1
votes

Why Spark forced to build RDD from a list of tuples, in case of doing reducebykey transformation?

reduce_rdd = sc.parallelize([{'k1': 1}, {'k2': 2}, {'k1': -2}, {'k3': 4}, {'k2': -5}, {'k1': 4}])
print(reduce_rdd.reduceByKey(lambda x, y: x + y).take(100))

error:

for k, v in iterator:
ValueError: need more than 1 value to unpack

    at org.apache.spark.api.python.PythonRunner$$anon$1.read(PythonRDD.scala:166)
    at org.apache.spark.api.python.PythonRunner$$anon$1.<init>(PythonRDD.scala:207)
    at org.apache.spark.api.python.PythonRunner.compute(PythonRDD.scala:125)
    at org.apache.spark.api.python.PythonRDD.compute(PythonRDD.scala:70)
    at org.apache.spark.rdd.RDD.computeOrReadCheckpoint(RDD.scala:306)
    at org.apache.spark.rdd.RDD.iterator(RDD.scala:270)
    at org.apache.spark.api.python.PairwiseRDD.compute(PythonRDD.scala:342)
    at org.apache.spark.rdd.RDD.computeOrReadCheckpoint(RDD.scala:306)
    at org.apache.spark.rdd.RDD.iterator(RDD.scala:270)
    at org.apache.spark.scheduler.ShuffleMapTask.runTask(ShuffleMapTask.scala:73)
    at org.apache.spark.scheduler.ShuffleMapTask.runTask(ShuffleMapTask.scala:41)
    at org.apache.spark.scheduler.Task.run(Task.scala:89)
    at org.apache.spark.executor.Executor$TaskRunner.run(Executor.scala:242)
    at java.util.concurrent.ThreadPoolExecutor.runWorker(ThreadPoolExecutor.java:1142)
    at java.util.concurrent.ThreadPoolExecutor$Worker.run(ThreadPoolExecutor.java:617)
    at java.lang.Thread.run(Thread.java:748)
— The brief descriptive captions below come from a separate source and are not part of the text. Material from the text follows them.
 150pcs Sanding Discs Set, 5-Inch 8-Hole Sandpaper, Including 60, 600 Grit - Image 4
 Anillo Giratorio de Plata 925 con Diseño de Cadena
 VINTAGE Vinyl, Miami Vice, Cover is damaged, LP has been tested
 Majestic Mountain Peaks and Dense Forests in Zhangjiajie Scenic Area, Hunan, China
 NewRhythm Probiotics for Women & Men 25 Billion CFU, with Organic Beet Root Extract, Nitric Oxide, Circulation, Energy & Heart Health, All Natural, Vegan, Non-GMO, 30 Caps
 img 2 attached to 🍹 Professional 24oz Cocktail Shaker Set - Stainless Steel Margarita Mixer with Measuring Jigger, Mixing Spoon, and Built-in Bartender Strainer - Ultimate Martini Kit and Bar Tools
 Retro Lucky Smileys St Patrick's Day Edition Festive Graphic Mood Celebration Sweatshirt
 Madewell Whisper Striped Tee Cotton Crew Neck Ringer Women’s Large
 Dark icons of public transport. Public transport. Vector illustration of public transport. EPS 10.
If reduceByKey() is intended to work with a collection of key-value pairs, it seems obvious to me that each pair should reside in the type of Python object intended for key-value pairs, a dictionary not a tuple.

1
Dictionaries have unique keys, and therefore can't be easily partitioned. This makes it a unsuitable data structure for a distributed computing framework like Spark. - Alex
Thx for reply. Yes, right dicts have unique key, but in terms of one dictionary. In my case I have list of dicts, which could be interpreted as separate objects in rdd. Or I didn't get you? Could you pls show an example. - Dipas

1 Answers

5
votes

reducebykey works on Pair RDDs. Pair RDDs are effectively a distributed version of list of tuples. As these data structures can be easily partitioned, they are a natural choice for distributed computing of key:value data.

There are projects that implement an IndexedRDD, but at the time of writing these have not yet been integrated into the spark-core code. If you are interested, you can install a PySpark version of IndexedRDD from this Github repository.

Coming back to your problem, it can be easily solved without an IndexedRDD:

reduce_rdd = sc.parallelize([{'k1': 1}, {'k2': 2}, {'k1': -2}, 
                             {'k3': 4}, {'k2': -5}, {'k1': 4}])
reduce_rdd.map(lambda x:x.items()[0]).reduceByKey(lambda x, y: x + y).collectAsMap()

This returns the following output:

{'k1': 3, 'k2': -3, 'k3': 4}